Pensando na ideia de rede neural, pra cada imagem eu teria que verificar pixel por pixel, e ir conectando todos os pixels da primeira camada na camada seguinte… bom isso, é meio complicado, mas o importante é que se você comparasse imagens pixel a pixel, isso custaria muuuuuito pro computador (ou seja, meus circuitos iriam pegar fogo) e cairíamos em muitos erros: Se o Papagaio não estivesse exatamente onde você viu ele quando aprendeu, a rede não aprenderia. Da mesma forma, se você treinou uma rede com papagaios sempre em arvores, além dela não identificar ele sem a arvore seria capaz de classificar qualquer pássaro na arvore como papagaio.

Por isso, mais uma vez faremos como seu cerebro faz: Buscaremos pedaços do papagaio, e vamos analisando por partes.

— Primeiro, vamos buscar pedaços:

Sabendo o que é um bico de papagaio, tem algum na imagem?

Sabendo o que é um olho de papagaio tem algum na imagem?

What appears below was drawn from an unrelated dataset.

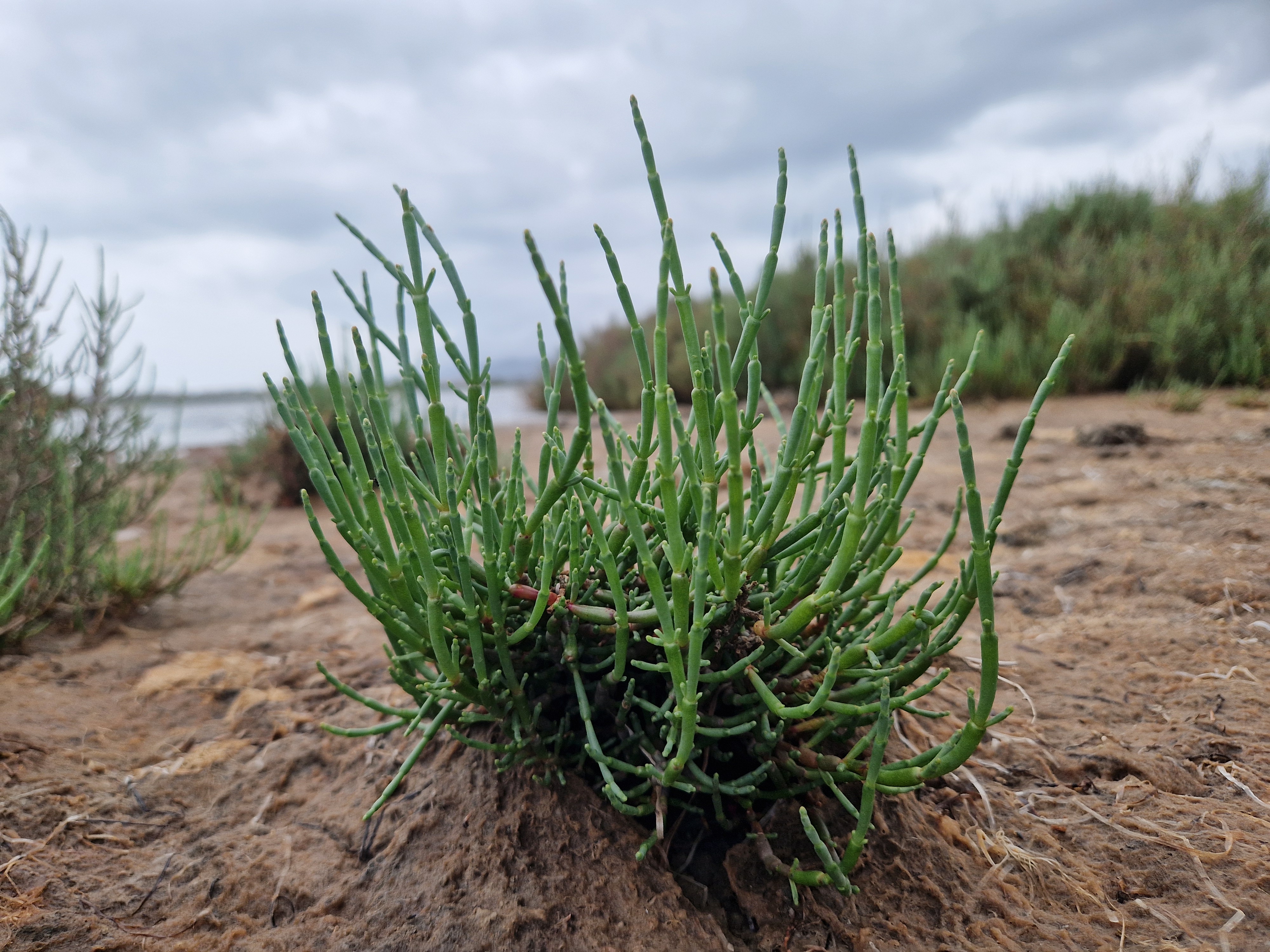 Salicornia plant field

Sabendo o que é uma asa de papagaio, tem alguma na imagem?

Sabendo o que é uma pata de papagaio, tem alguma na imagem?

— Depois ele analisa:

Tem um bico e um olho, isso é uma cabeça de papagaio?

Tem asa e pata, isso é o corpo de um papagaio?

— E por fim ele analisa:

Tem cabeça de papagaio e corpo de papagaio, isso é um papagaio?

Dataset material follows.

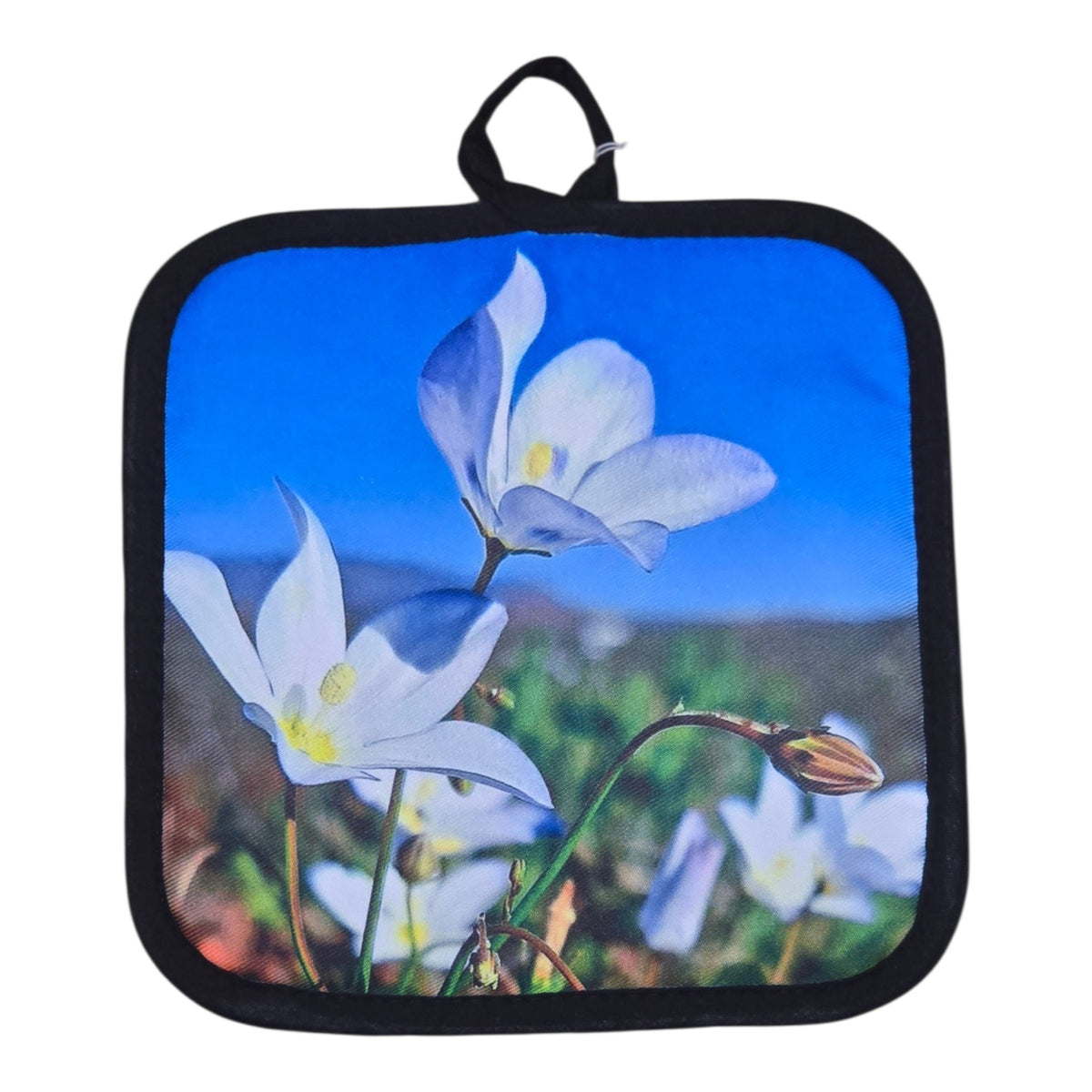 Pot holder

Da mesma forma a rede neural converte a imagem em uma matriz e aprende o que é um bico, o que é um olho, e aprende que isso é importante para identificar um papagaio. E assim vai buscar na imagem esse bico, esse olho, rodando a imagem inteira. Veja que um bico e um olho são maiores que um pixel, assim, comparando pedaço com pedaço ao invés de pixel a pixel, o gasto computacional é melhor, além de achar o bico ou o olho em qualquer lugar da imagem.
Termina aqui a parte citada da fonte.